Objectives: To determine the impact of depression on highly active antiretroviral therapy (HAART) adherence and clinical measures and investigate if selective serotonin reuptake inhibitors (SSRIs) improve these measures.

Design: Retrospective cohort study.

Methods: In 2 large health maintenance organizations, we measured the effects of depression (with and without SSRI use) on adherence and changes in viral and immunologic control among HIV-infected patients starting a new HAART regimen. HAART adherence, HIV RNA levels, and changes in CD4 T-cell counts through 12 months were measured.
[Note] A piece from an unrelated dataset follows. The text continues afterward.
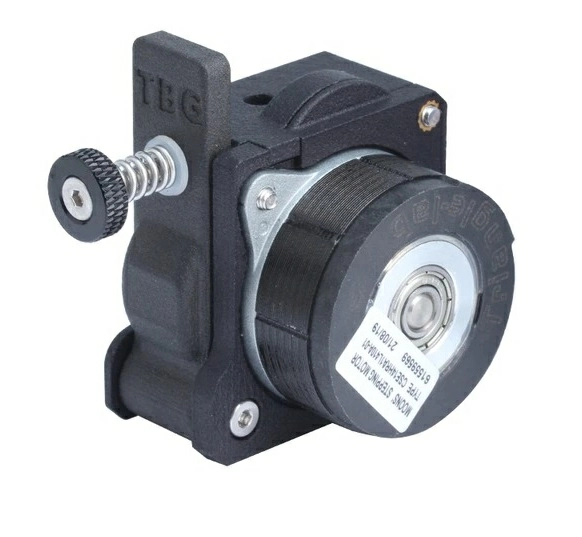 Экструдер TBG-lite Trianglelab (MOONS motor)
Results: A total of 3359 patients were evaluated; 42% had a depression diagnosis, and 15% used SSRIs during HAART. Depression without SSRI use was associated with significantly decreased odds of achieving > or =90% adherence to HAART (odds ratio [OR] = 0.81, 95% confidence interval [CI]: 0.70 to 0.98; P = 0.03). Depression was associated with significantly lower odds of an HIV RNA level <500 copies/mL (OR = 0.77, 95% CI: 0.62 to 0.95; P = 0.02). Depressed patients compliant with SSRI medication (>80% adherence to SSRI) had HAART adherence and viral control statistically similar to nondepressed HIV-infected patients taking HAART. Comparing depressed with nondepressed HIV-infected patients, CD4 T-cell responses were statistically similar; among depressed patients, those compliant with SSRI had statistically greater increases in CD4 cell responses.

Conclusions: Depression significantly worsens HAART adherence and HIV viral control. Compliant SSRI use is associated with improved HIV adherence and laboratory parameters.